_EXERCISE INPUT_
▼

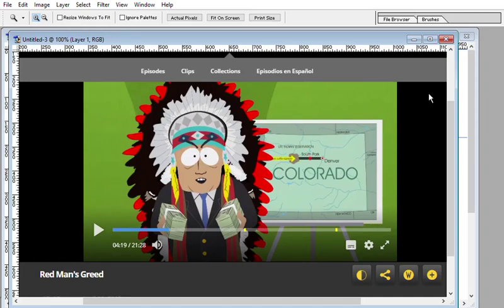Hello everybody! I was watching South Park, and in this particular episode called "Red Man's Greed," the Native Americans were at the casino and they want to take over South Park — basically destroy South Park — to build a super highway from Denver to their casino.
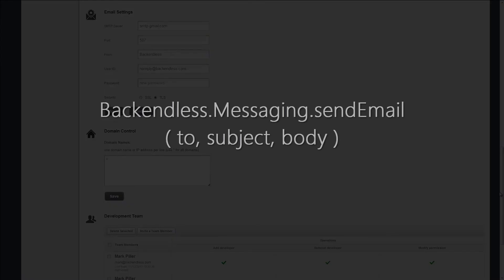In addition to the predefined events, the Backendless API supports programmatic email delivery. That means you can send out email messages directly from your code. This is supported in all client APIs provided by Backendless.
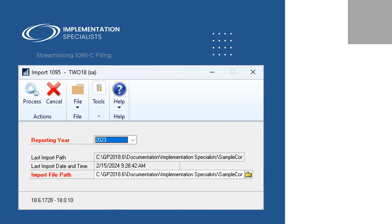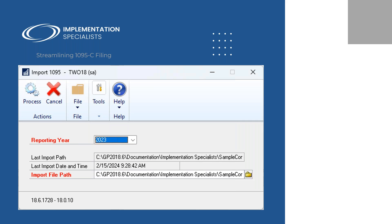Once you have the data put into the template we provide, you just pick your reporting year — which is 2023 for this year — enter the path to where you saved that file, and then just click Process. If it's 10 records or under it takes just a few seconds; if you've got a few hundred it might take half a minute, but it goes pretty quick. If there are any issues like a duplicate social security number or missing data, it will let you know but still import the rest, so you can fix whatever had an issue and move on.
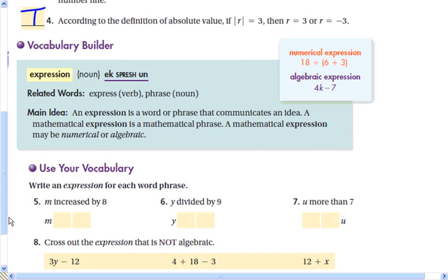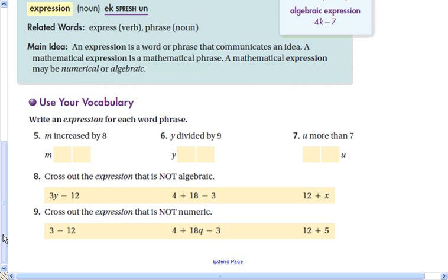The vocabulary word is expression. An expression is a word or phrase that communicates an idea. A mathematical expression is a mathematical phrase — it does not have an equal sign. We're going to write an expression for each word phrase: m increased by 8 — increased means adding. y divided by 9 — I like using a slash for divide, I would prefer to write it as y divided by 9.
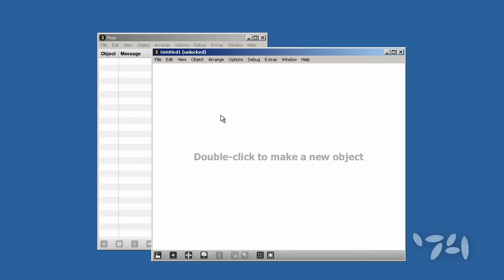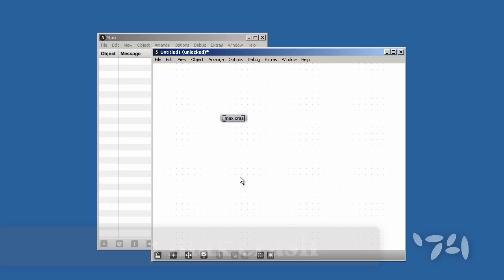I'm going to create a message box and I'm going to put a message to Max inside the message box. Semicolon, Max, and then the word crash.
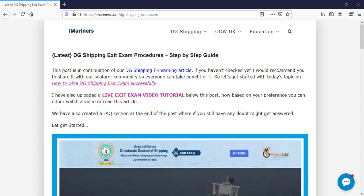Hello everyone and welcome to iMariners. Our today's topic is digi-shipping exit exam procedure. In this video I am going to show you a step-by-step procedure what you need to do for your exit exams.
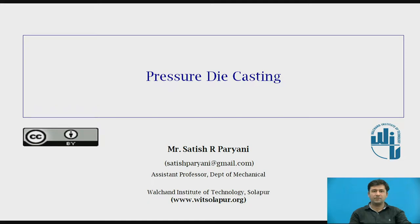Hello friends, I am Satish Harapayani, working as assistant professor in the Department of Mechanical, Vulture Institute of Technology, Sholabu. Today we are going to discuss on the topic called pressure die casting.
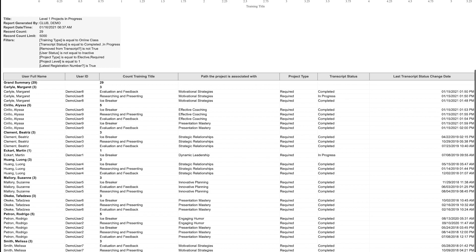If a member of your club is not listed on this report, it's possible that they belong to more than one club and have their home club set to a different club. If you notice a member hasn't yet begun level one, encourage them to get started.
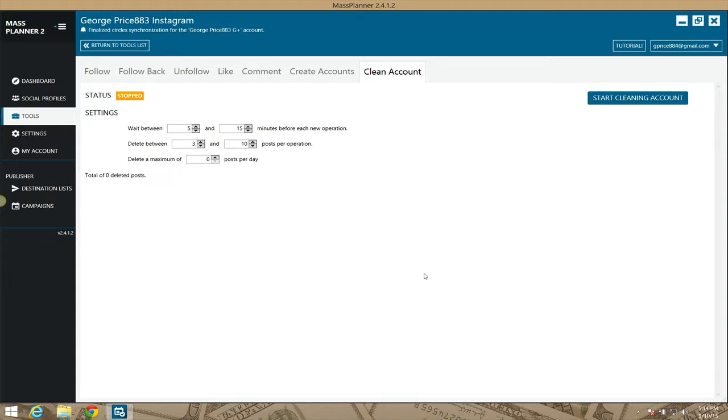Hey, what's up guys, this is the Instagram Clean Account module, which happens to be the last module in the Instagram series. This module was recently added, but it is very awesome.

▲

All of the entries must be reproduced exactly, with no pictures kept.

_OUTPUT BELOW_
Hello everybody! I was watching South Park, and in this particular episode called "Red Man's Greed," the Native Americans were at the casino and they want to take over South Park — basically destroy South Park — to build a super highway from Denver to their casino.
In addition to the predefined events, the Backendless API supports programmatic email delivery. That means you can send out email messages directly from your code. This is supported in all client APIs provided by Backendless.
Once you have the data put into the template we provide, you just pick your reporting year — which is 2023 for this year — enter the path to where you saved that file, and then just click Process. If it's 10 records or under it takes just a few seconds; if you've got a few hundred it might take half a minute, but it goes pretty quick. If there are any issues like a duplicate social security number or missing data, it will let you know but still import the rest, so you can fix whatever had an issue and move on.
The vocabulary word is expression. An expression is a word or phrase that communicates an idea. A mathematical expression is a mathematical phrase — it does not have an equal sign. We're going to write an expression for each word phrase: m increased by 8 — increased means adding. y divided by 9 — I like using a slash for divide, I would prefer to write it as y divided by 9.
I'm going to create a message box and I'm going to put a message to Max inside the message box. Semicolon, Max, and then the word crash.
Hello everyone and welcome to iMariners. Our today's topic is digi-shipping exit exam procedure. In this video I am going to show you a step-by-step procedure what you need to do for your exit exams.
Hello friends, I am Satish Harapayani, working as assistant professor in the Department of Mechanical, Vulture Institute of Technology, Sholabu. Today we are going to discuss on the topic called pressure die casting.
If a member of your club is not listed on this report, it's possible that they belong to more than one club and have their home club set to a different club. If you notice a member hasn't yet begun level one, encourage them to get started.
Hey, what's up guys, this is the Instagram Clean Account module, which happens to be the last module in the Instagram series. This module was recently added, but it is very awesome.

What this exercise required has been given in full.